◆ **Task goal**:
Below are records with pictures. Transcribe exactly, and only, the lines from the line with "Hey guys, in" to the line with "Let's dive right", both ends included, but not the pictures.

◆ **Exercise data**:
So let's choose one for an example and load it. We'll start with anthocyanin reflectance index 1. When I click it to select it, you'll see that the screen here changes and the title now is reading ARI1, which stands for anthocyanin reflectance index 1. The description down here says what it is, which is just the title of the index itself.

* * *

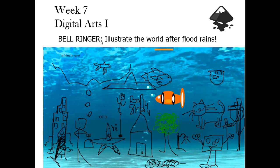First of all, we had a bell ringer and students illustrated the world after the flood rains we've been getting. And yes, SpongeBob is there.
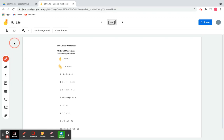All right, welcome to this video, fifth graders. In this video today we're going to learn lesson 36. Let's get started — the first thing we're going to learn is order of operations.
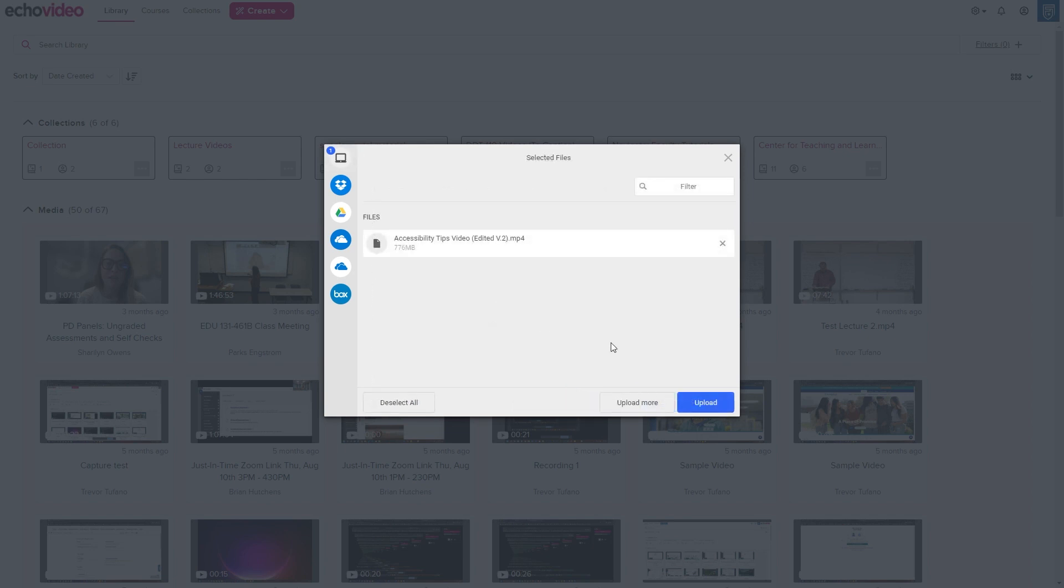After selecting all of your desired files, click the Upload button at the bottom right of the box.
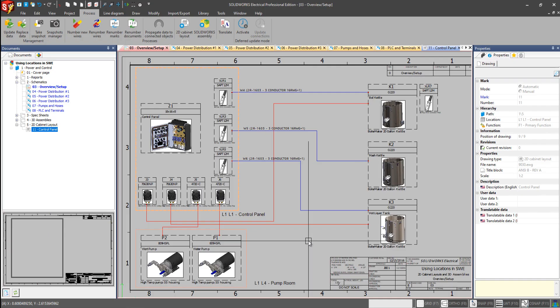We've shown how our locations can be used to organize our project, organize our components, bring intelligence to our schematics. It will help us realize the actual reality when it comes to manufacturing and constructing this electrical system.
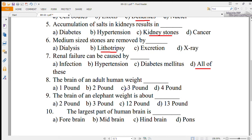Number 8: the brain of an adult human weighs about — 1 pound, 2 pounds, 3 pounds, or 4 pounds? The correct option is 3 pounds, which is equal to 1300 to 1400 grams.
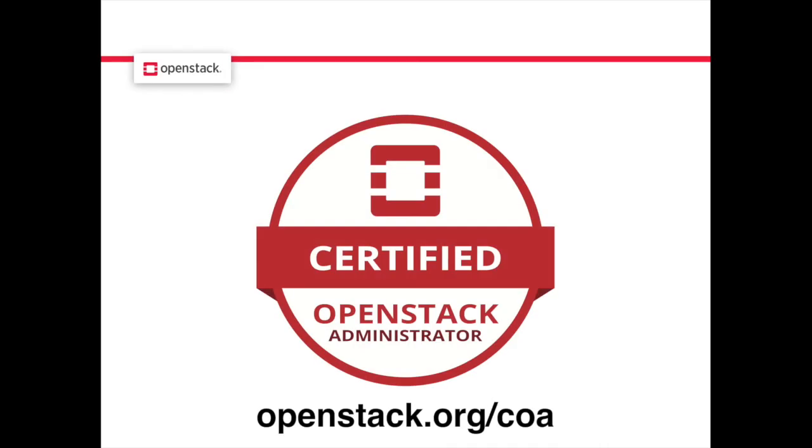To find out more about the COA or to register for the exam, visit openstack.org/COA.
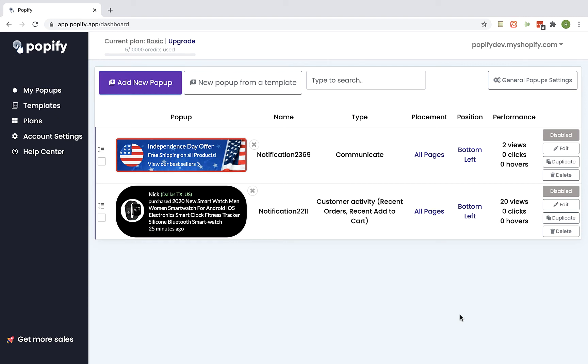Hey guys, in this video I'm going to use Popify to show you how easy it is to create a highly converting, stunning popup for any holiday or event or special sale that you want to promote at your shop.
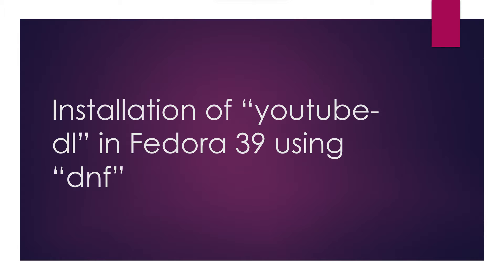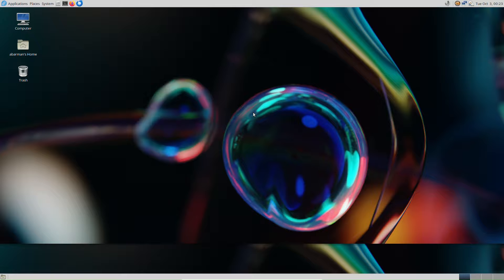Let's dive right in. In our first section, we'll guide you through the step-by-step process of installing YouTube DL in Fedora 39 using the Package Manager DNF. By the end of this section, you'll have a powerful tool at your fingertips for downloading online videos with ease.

◆ **Finished exercise**:
Hey guys, in this video I'm going to use Popify to show you how easy it is to create a highly converting, stunning popup for any holiday or event or special sale that you want to promote at your shop.
Let's dive right in. In our first section, we'll guide you through the step-by-step process of installing YouTube DL in Fedora 39 using the Package Manager DNF. By the end of this section, you'll have a powerful tool at your fingertips for downloading online videos with ease.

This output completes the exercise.